Conclusion: a Dirty Theory of Noise
It was argued above that it has become commonplace amongst those writing about sound to define noise as “sound out of place,” a definition which borrows the words of Mary Douglas and suggests a connection between dirt and noise that has until now neither been proved nor properly investigated. It was also argued that where noise and dirt are only connected superficially, those drawing on the “sound out of place” definition have overlooked other aspects of Douglas’ writing that are useful for understanding noise. By undertaking a close reading of Douglas’ theory of dirt and applying it extensively to noise, this article fills a gap in the literature and introduces rigor to an area of sound studies discussion from which rigor has been conspicuously absent.
We have found that the link between dirt and noise is both substantive and useful and argue that repositioning Purity and Danger as a key text for sound studies has been a productive process. Applying Douglas’ theory of dirt to noise gives us a new set of aphorisms and reveals much about how and why sounds come to be “noise” and what it means when we designate them as such. We now know, for instance, not just that noise is “sound out of place,” but that sounds primarily come to be “out of place” by virtue of being anomalous or ambiguous. We also know that anomalous and ambiguous sounds are frequently seen as disruptive or dangerous – although these are not the only possible reactions – and that steps must be taken to negotiate, deal with, and otherwise “tidy up” sonic transgressions so that order can be restored. Likewise, thinking about noise through Douglas deepens and strengthens our understanding of noise as symbolic and emphasizes that debates about noise often have less to do with loudness or sound than they do with status, hierarchy, and class.
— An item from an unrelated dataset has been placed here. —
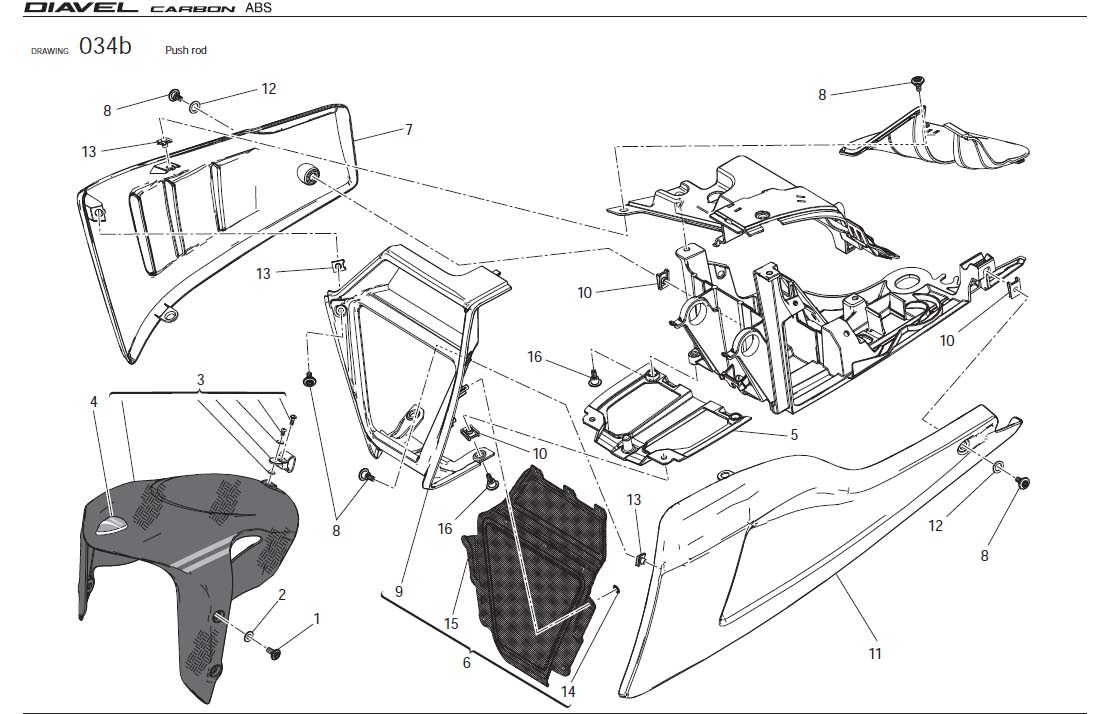 4Push rodhttps://images.simplepart.com/images/parts/ducati/fullsize/DIAVEL_CARBON_USA_2011114.jpg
In the previous section, noise was frequently described as being “like dirt.” This would seem to imply that noise and dirt are analogous. The same is suggested by the literature that mentions both dirt and noise. Bailey, for example, writes that noise “echoes” dirt (2004: 23), while Bijsterveld states that the two “have much in common” (2008: 37). In each instance, the implication is that “noise” and “dirt” are similar, but different, that they are categories constructed by comparable processes but are in some sense distinct. For this to be correct, however, there must surely be a clear, identifiable way in which noise and dirt differ, and our investigation would suggest that there is none. Each of Douglas’ theoretical points about dirt can be applied to noise, and in the empirical examples we have considered it is unclear what separates the two. We would suggest that in situating noise and dirt as analogous, sound scholars have not gone far enough. Rather than thinking of noise as similar or equivalent to dirt, we should instead say that noise is dirt, an aural type of pollution. Thinking about noise in this way heightens our consciousness of noise as a charged and challenging presence. If we see noise as dirt/pollution in the Douglassian sense, then we can appreciate with more immediacy the revulsion, fear, and danger which noise can evoke as well as the potential it holds as a creative force for use in acts of deliberate aesthetic and social transgression. In short, we are better able to appreciate the fullness of its social meaning. At the same time, equating noise with dirt draws awareness to the collective mental and physical effort which goes into managing, controlling, and otherwise dealing with the sonic ambiguities and transgressions we encounter in our daily lives, whilst foregrounding the cultural dispositions which demand and validate responses to noise. Defining noise as “dirt” also eliminates the gap between what we might call “dirt theory” and “noise theory,” so that existing literature about dirt has the potential to become literature about noise. We would suggest that writing on dirt, whatever its disciplinary origin, should be read and reinterpreted with the aim of generating new insights into noise.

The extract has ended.